Encoding woes

Fri Dec 30 11:08:02 GMT 2005

On Thu, Dec 29, 2005 at 10:26:34 -0600, John A Meinel wrote:
> Jan Hudec wrote:
> > On Wed, Dec 28, 2005 at 10:52:28 -0600, John A Meinel wrote:
> >> Technically right now we always have to use the latter form, because we
> >> need to use unicode internally for filesystem operations, but we should
> >> turn them into unicode internally if we need that. We should not
> >> *require* that unicode strings be passed in.
> >>
> >> Perhaps a better example is:
> >>
> >> t = b.working_tree()
> >> t.commit('text message')
> >>
> >> That text message only has to be unicode if you are using characters
> >> outside of the ascii subset.
> > 
> > How do I tell ascii string originating from the source from an ebcdic string
> > commit from input stream? They are the same type.
> 
> Because the code which is reading the ebcdic string should know that it
> is reading from the input stream and that it needs to be decoded. That
> is actually my point. Code at the interface layer (such as coming in
> from sys.argv or reading from stdin, etc) needs to do the translation
> before it gets deeper inside bzrlib.

Which is exactly the reason unicode should be required. Because otherwise I,
as a front-end writer, can easily forget to decode the input and not notice
until much later.

> > Also the argument is likely to be from some text entry widget and if it is
> > a plain string, it is likely a locale-encoded string quite possibly
> > containing non-ascii characters. Or that case is forbidden?
> 
> Then the thing which handles the text entry widget needs to translate it
> before sending it into bzrlib. bzrlib cannot be responsible for knowing
> how widget foo works. It *can* tell people that "I expect this argument
> to be in this form, if it is not, then it is your responsibility to make
> it so".

Yes. And actually requiring the object to be of unicode type helps people
know immediately that they forgot it.

> The other possibility would be to create a new string type, which tracks
> what encoding it is in. But really it is much easier to require the next
> layer up to handle encode/decode.

If you need to tell it it's encoding, you can decode it to unicode instead.
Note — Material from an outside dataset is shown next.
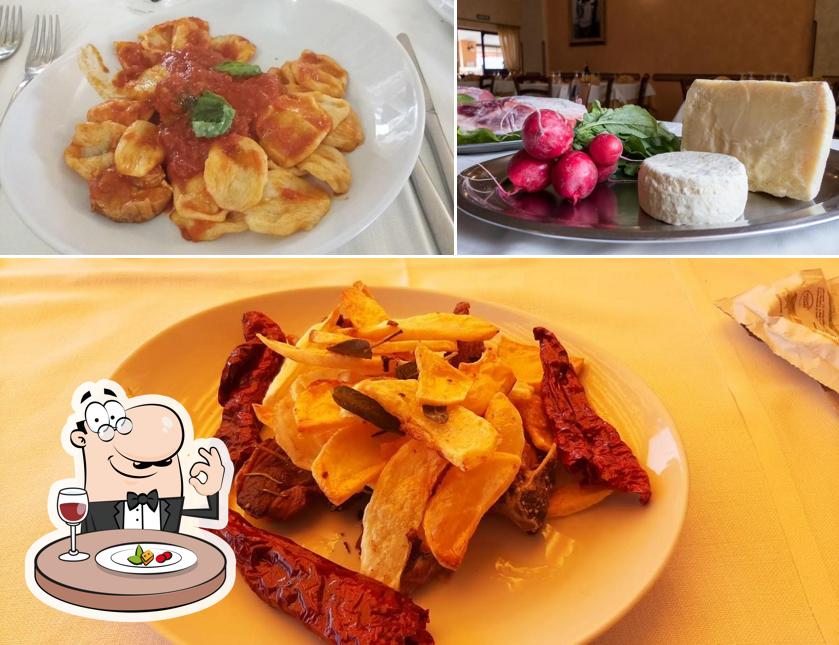 Platti al Ristorante La Botte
What I would prefer is if I could set encoding of an IO stream and it
actually returned unicode strings then -- as it does in perl. But in python
encoding is set by default only on std{in,out,err} and only if they are on
a terminal (so python foo.py and python foo.py | cat are NOT equivalent,
which I consider just plain BOGUS). And they can't be set later on. Yes,
I know I can wrap the streams in a recoding object -- though I don't
understand why I have to when the stream already has recoding capability
built in.

> > Ok, so it's actually forbidden to pass in locale-encoded string except for
> > blob? That'd work, but I am not sure it will be any easier to use. Because
> > most of the developers don't regularly use non-ascii characters, it will be
> > easy to forget to encode something. And that may be rather hard to hunt down
> > later.
> 
> Well, actually you need them to "decode" it so that you have a full
> unicode string. But yes, the idea is that inside bzrlib you would have
> unencoded strings. If they are plain ascii, then they can be the plain
> 'string' type. Anything more, and they need to be unicode.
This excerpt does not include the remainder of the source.